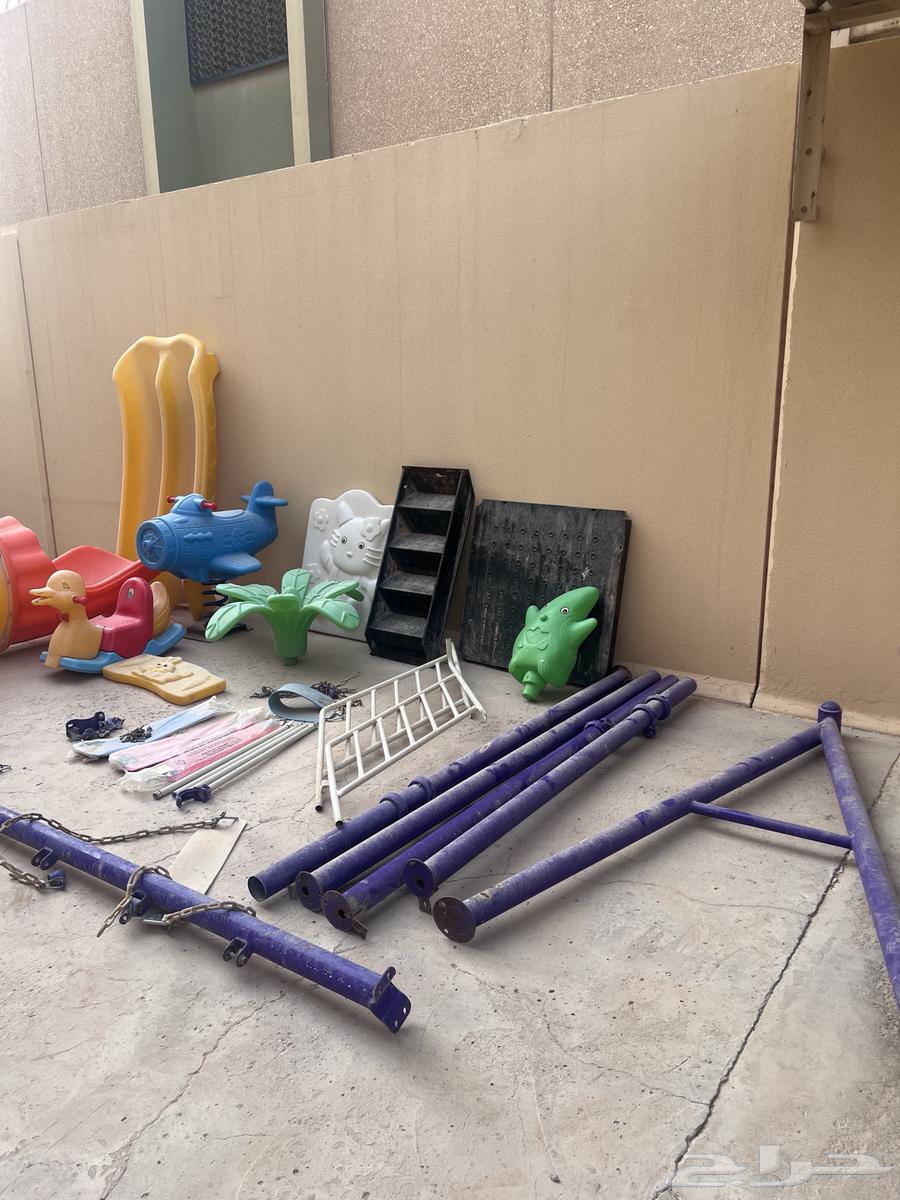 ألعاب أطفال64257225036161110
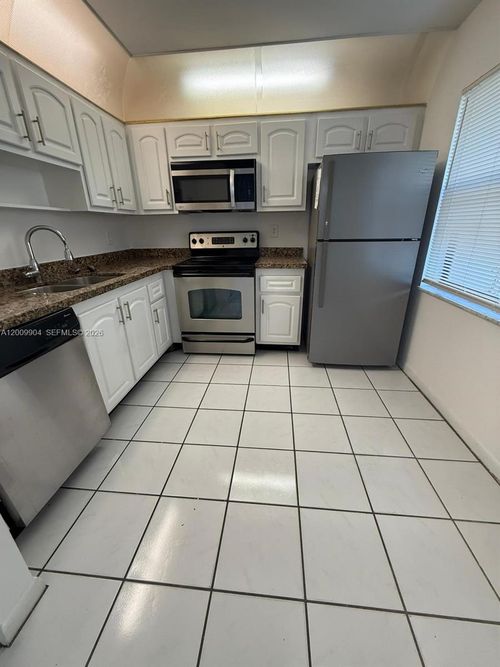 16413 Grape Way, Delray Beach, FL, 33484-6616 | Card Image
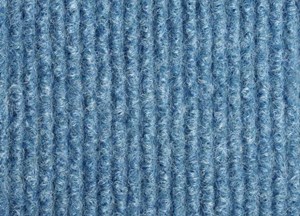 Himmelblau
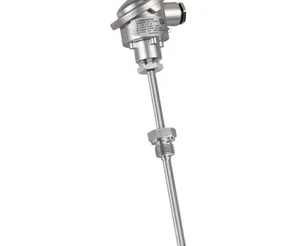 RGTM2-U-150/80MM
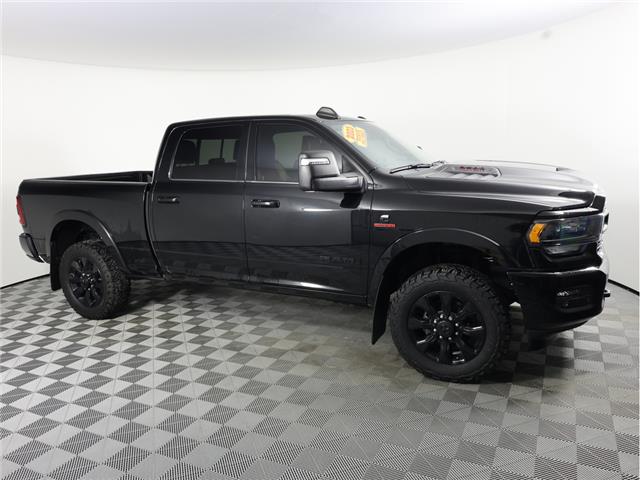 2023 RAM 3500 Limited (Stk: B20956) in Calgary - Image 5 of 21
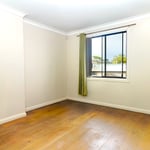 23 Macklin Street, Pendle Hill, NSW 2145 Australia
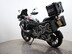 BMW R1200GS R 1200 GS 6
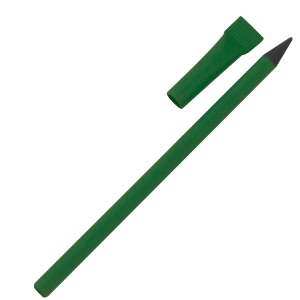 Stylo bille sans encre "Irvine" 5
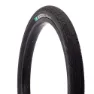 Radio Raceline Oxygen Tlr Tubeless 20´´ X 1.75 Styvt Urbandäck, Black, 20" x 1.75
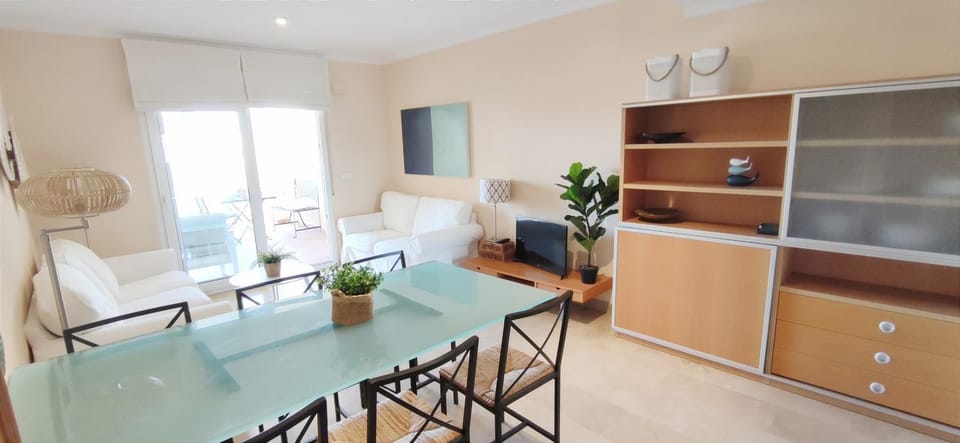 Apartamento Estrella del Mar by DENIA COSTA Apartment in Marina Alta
==
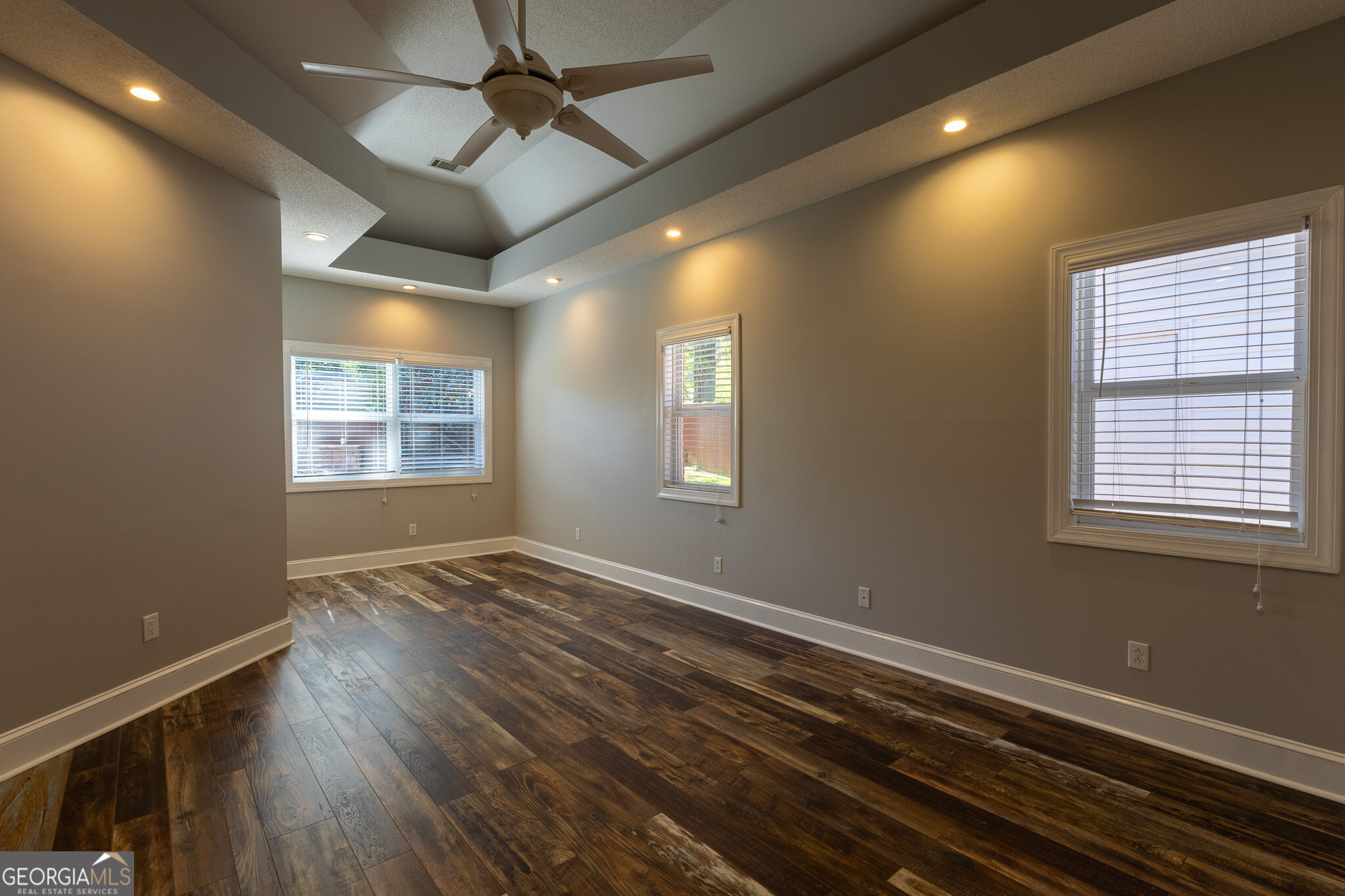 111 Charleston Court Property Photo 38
---
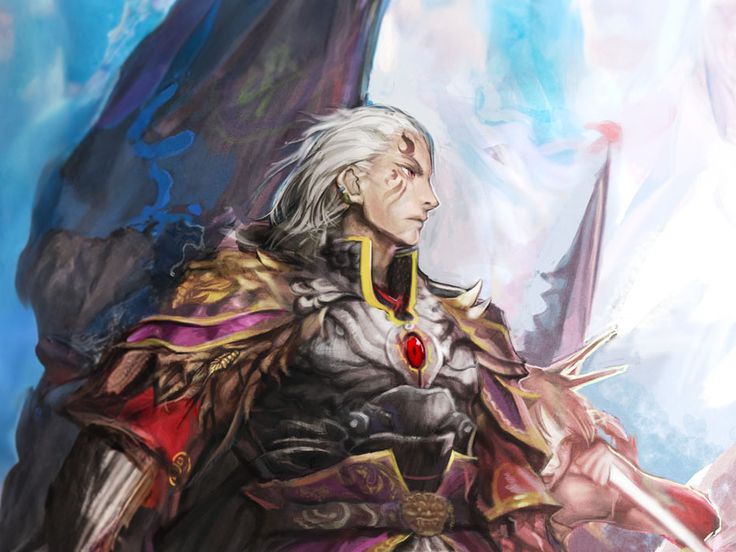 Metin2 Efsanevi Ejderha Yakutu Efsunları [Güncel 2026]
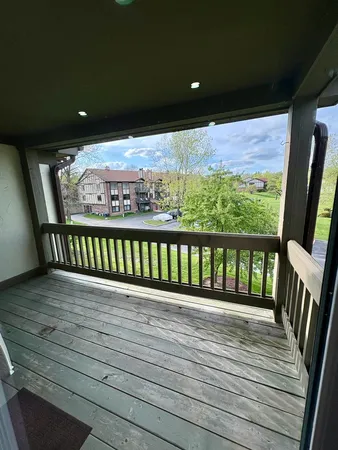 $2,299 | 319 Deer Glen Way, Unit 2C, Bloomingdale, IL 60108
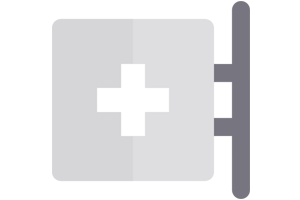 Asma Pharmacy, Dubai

Required action: Everything from the line above that contains "Radio Raceline Oxygen" down to the line that contains "Apartamento Estrella del" must be reproduced exactly, both ends included. Omit the pictures.

Finished exercise:
 Radio Raceline Oxygen Tlr Tubeless 20´´ X 1.75 Styvt Urbandäck, Black, 20" x 1.75
 Apartamento Estrella del Mar by DENIA COSTA Apartment in Marina Alta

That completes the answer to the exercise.